Voice-First Workflow - Talk, Don't Type

Your meeting just ended. In 2 minutes, you have action items ready.

You walk out of a 1-hour product review meeting. Your head is full of decisions, action items, follow-ups. The old you would open a notes app, try to remember everything, type it out, format it, send it around.

The new you pulls out your phone, hits record, and talks for 90 seconds:

"Product review meeting just ended.
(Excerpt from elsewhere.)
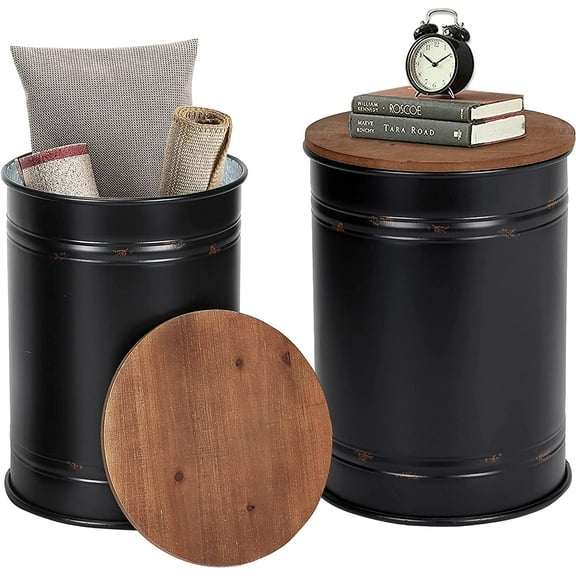RUSTOWN Farmhouse Accent Side Table, Rustic Storage Ottoman Seat Stool, Galvanized Antique Metal End Table Box Bin with Round Wood Lid, Coffee or Cocktail Table, Nesting Pieces Two (Black)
Key decisions: we're going with option B for the pricing model, launch date moved to March 15th. Action items for me: update the forecast spreadsheet by Friday, schedule follow-up with finance team. Thomas owns the technical spec, due next Wednesday. Open question: do we need legal review for the new terms?"
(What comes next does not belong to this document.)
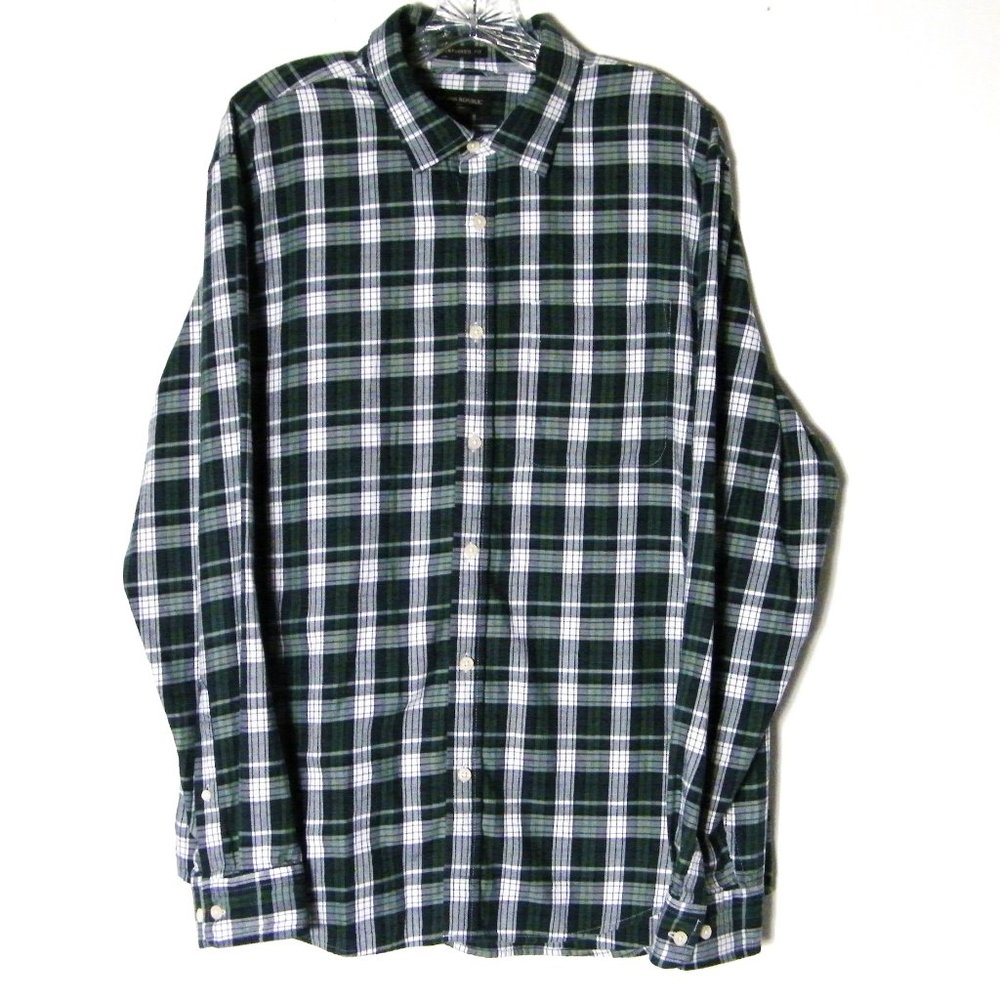 Banana Republic Men' Slim Untucked Fit Plaid Shirt Sz XL Made in India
You put your phone away. By the time you reach your desk, your laptop has:

Transcribed the audio
Extracted structured action items
Identified owners and deadlines
Flagged the open question
Formatted everything into a shareable summary

No typing. No formatting. Just speak and done.

This is voice-first workflow. Let's build it.

The Components

A voice-first workflow has three parts:

┌──────────────┐    ┌──────────────┐    ┌──────────────┐
│    Voice     │ →  │ Transcription│ →  │  Processing  │
│   Recording  │    │   (Whisper)  │    │   (Claude)   │
└──────────────┘    └──────────────┘    └──────────────┘
     Phone/Mic         Local/Cloud         Claude Code

Voice Recording - Capture audio (phone, laptop mic, dedicated recorder)
Transcription - Convert speech to text (Whisper models)
Processing - Extract meaning, structure, action items (Claude)
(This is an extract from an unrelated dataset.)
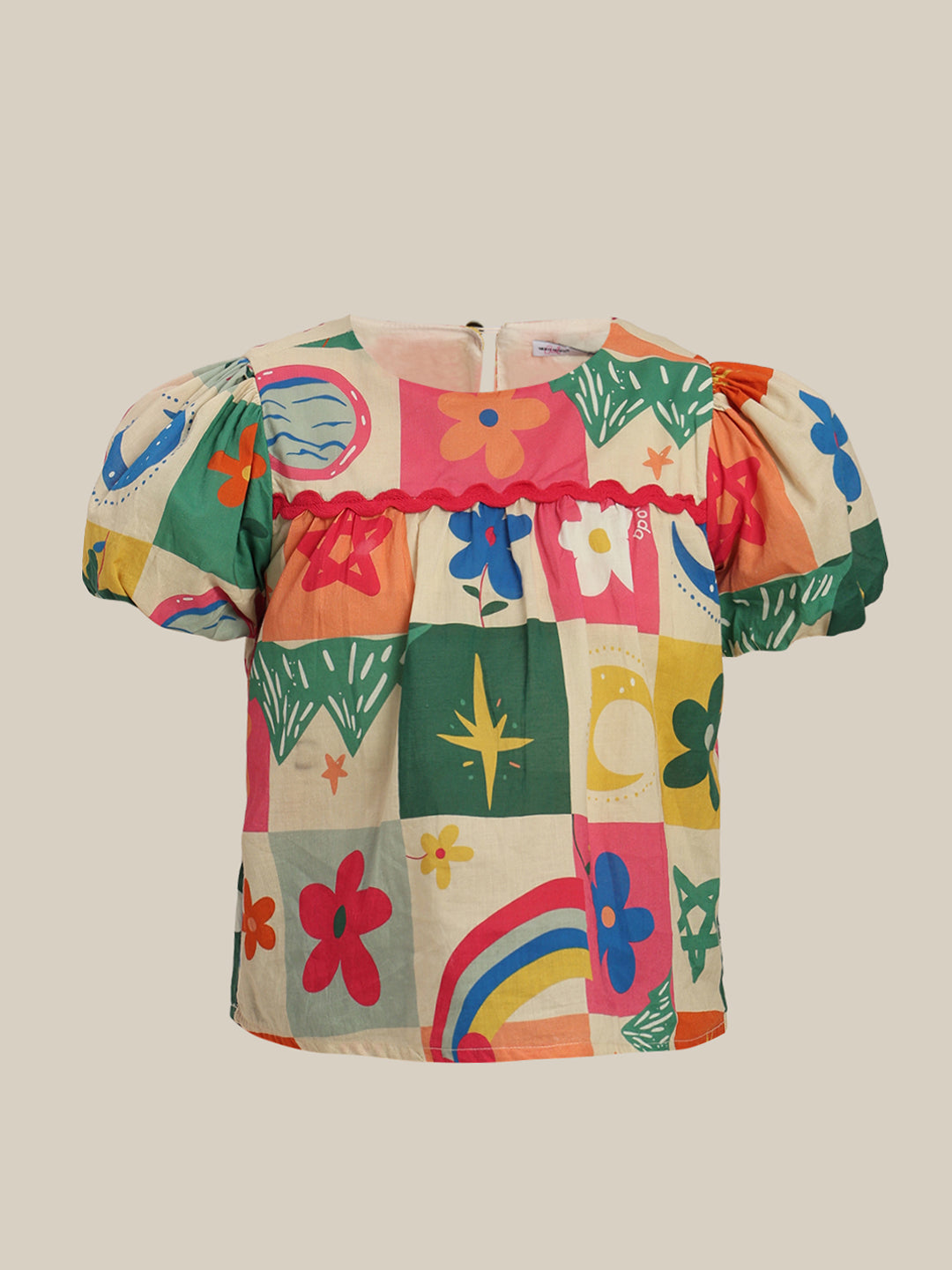 GIRLS Puff Sleeves Printed Top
Each component has multiple options. You can go fully local (privacy-first) or use cloud services (convenience-first). Let's explore both.

Already Using Microsoft Teams + Copilot?

Skip the transcription setup. If your organization uses Microsoft Teams with Copilot, you already have automatic meeting transcription built in.

Teams + Copilot provides:

Real-time subtitles during meetings
Full meeting transcripts saved automatically
AI-generated meeting summaries
Action items extraction

Your workflow becomes simpler:

After meeting ends, open Teams chat for that meeting
Click on "Recap" or find the transcript
Copy the transcript or summary
Paste into Claude Code: /process_meeting with the transcript

Or create a dedicated command ~/.claude/commands/process_teams_transcript.md:

# Process Teams Transcript

Process the following Teams meeting transcript and extract:
- Key decisions made
- Action items with owners
- Open questions
- Follow-up needed

Transcript:
$ARGUMENTS

Bottom line: If Teams + Copilot handles your transcription, skip Options 1-3 below and jump straight to "The Complete Pipeline" section. Use Claude Code for the processing and structuring part only.

Option 1: SuperWhisper (Mac - Recommended)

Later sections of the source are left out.